A Fire Story

Image of A Fire Story
Author(s): 
Release Date: 
March 5, 2019
Publisher/Imprint: 
Abrams ComicArts
Pages: 
160
Reviewed by: 

“Masterly, vivid, dramatic. . . This is beautiful writing, visceral and deep.”

Brian Fies started a webcomic in the raw days right after his home burned down in the massive 2017 Santa Rosa fire. Right from the opening page—“On Monday, my house disappeared.”—we're drawn into the immediate emergency, the orange glow coming closer, the menacing waves of heat. That comic went viral, was made into an Emmy-winning short, and is the basis for this masterly graphic memoir.

Fies uses vivid language and dramatic art to put us inside his shoes. We're walking with him past the roadblocks, back to his house as he hopes to find it still standing. “The sun was a dim orange disk behind a salmon-gray curtain of smoke. I inhaled my neighbors' lives.” The sense of loss is palpable, a kick in the gut.

After walking through a surreally intact neighborhood, Fies rounds a curve and sees a scene out of Armageddon. He captures the details of the destruction: “The steel posts of mailboxes, twisted and stretched like hot summer taffy.” And then the big picture: “A two-story house full of our lives was a two-foot heap of dead, smoking ash.”

This is beautiful writing, visceral and deep. The deceptively simple drawings make the horror accessible and clear. The way the story unrolls, from fleeing danger to recognizing the depth of the loss, is dramatic and natural at the same time. After a page listing all the things his family would never see again (the sentimental, the irreplaceable, the valuable), Fies goes shopping: “It's unnerving to need both everything and nothing.” That one sentence sums up his new reality.

Just the story of the fire and its aftermath would make for a stunning book, but Fies adds layers of depth to the memoir by including other people's stories. We read about a range of people who fled the fire and lost everything, how they reacted, how they coped. Fies also provides comparisons to make it easier to grasp the extent of the disaster, which easily becomes abstract.

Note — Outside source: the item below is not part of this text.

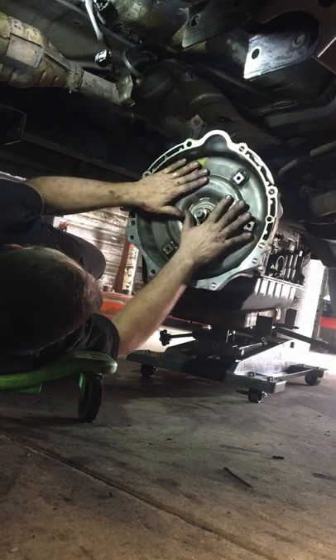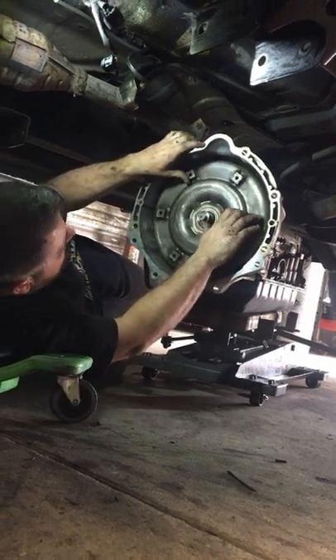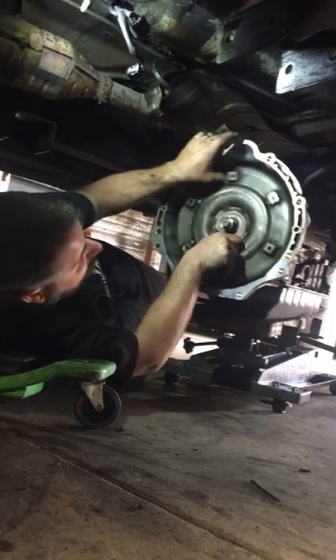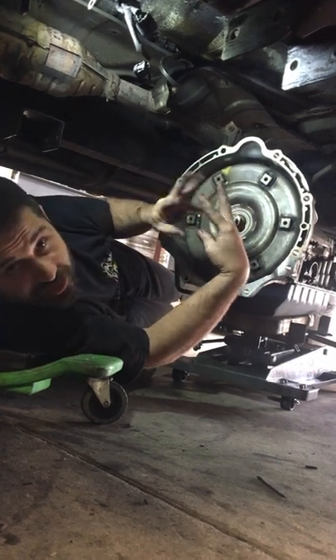All right, when you put an automatic transmission in, I was taught years ago by some of the smartest people known to man — namely Cy Nelms and Charles Perkins — how to put a torque converter in. The torque converter has about three or four different splines and shafts and widgetry that it's got to go into.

As he writes, “All in all, the fire-storms claimed about 350 square miles. . . it's a big number that by itself means nothing.” So he provides imagery to make that number significant: “It's about fifteen Manhattans, seven-and-a-half San Franciscos. One-and-a-half Chicagos. One-third of Rhode Island.” Those are scales we can understand. “Perspective,” Fies adds, “It's the comfort and horror of realizing you're not alone.”

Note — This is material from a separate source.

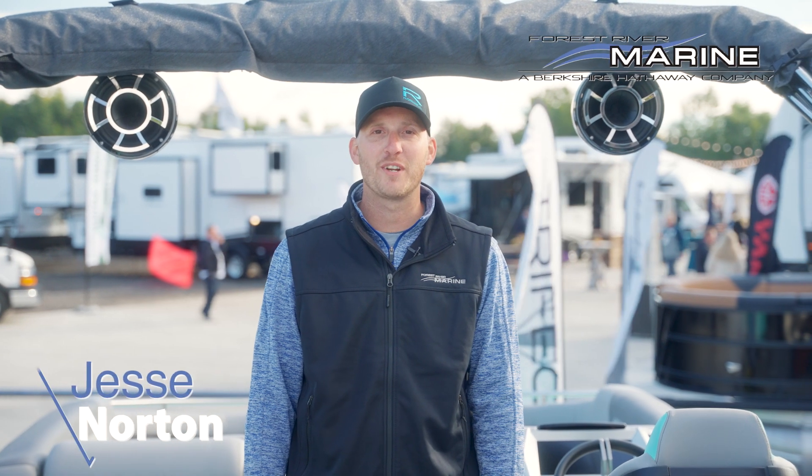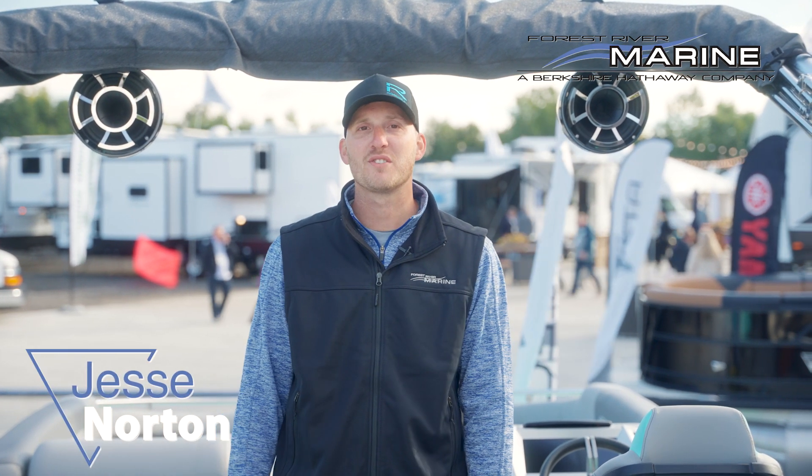I'm Jesse Norton with Forest River Marine. Behind me here we have our billet arch. I'm going to show you how to engage our bimini.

There is no glossing over the devastation, both physical and emotional. And here again, Fies digs deeper than conventional disaster stories. He doesn't present the pretty Hollywood picture of “we survived and are better people now.” Instead, he honestly shows himself trying to recapture normality by going to the park and eating lunch as he used to do. But seeing the happy people strolling by doesn't soothe him. Instead, “it was awful.” “Halfway through my lunch I realized I didn't want to feel normal. I couldn't even imagine what “normal” would feel like. What I really wanted was for everyone else to be miserable.”

Honest throughout, Fies ends the book recognizing that people want an inspirational message. “But I have no uplift to give, and anyone who says 'closure' around me may get a punch in the nose.” Still the book is hopeful, closing on an image of daffodils sprouting in the gray earth. His home may be no more than a patch of dirt, but it's his patch, and we know he'll make the most of it.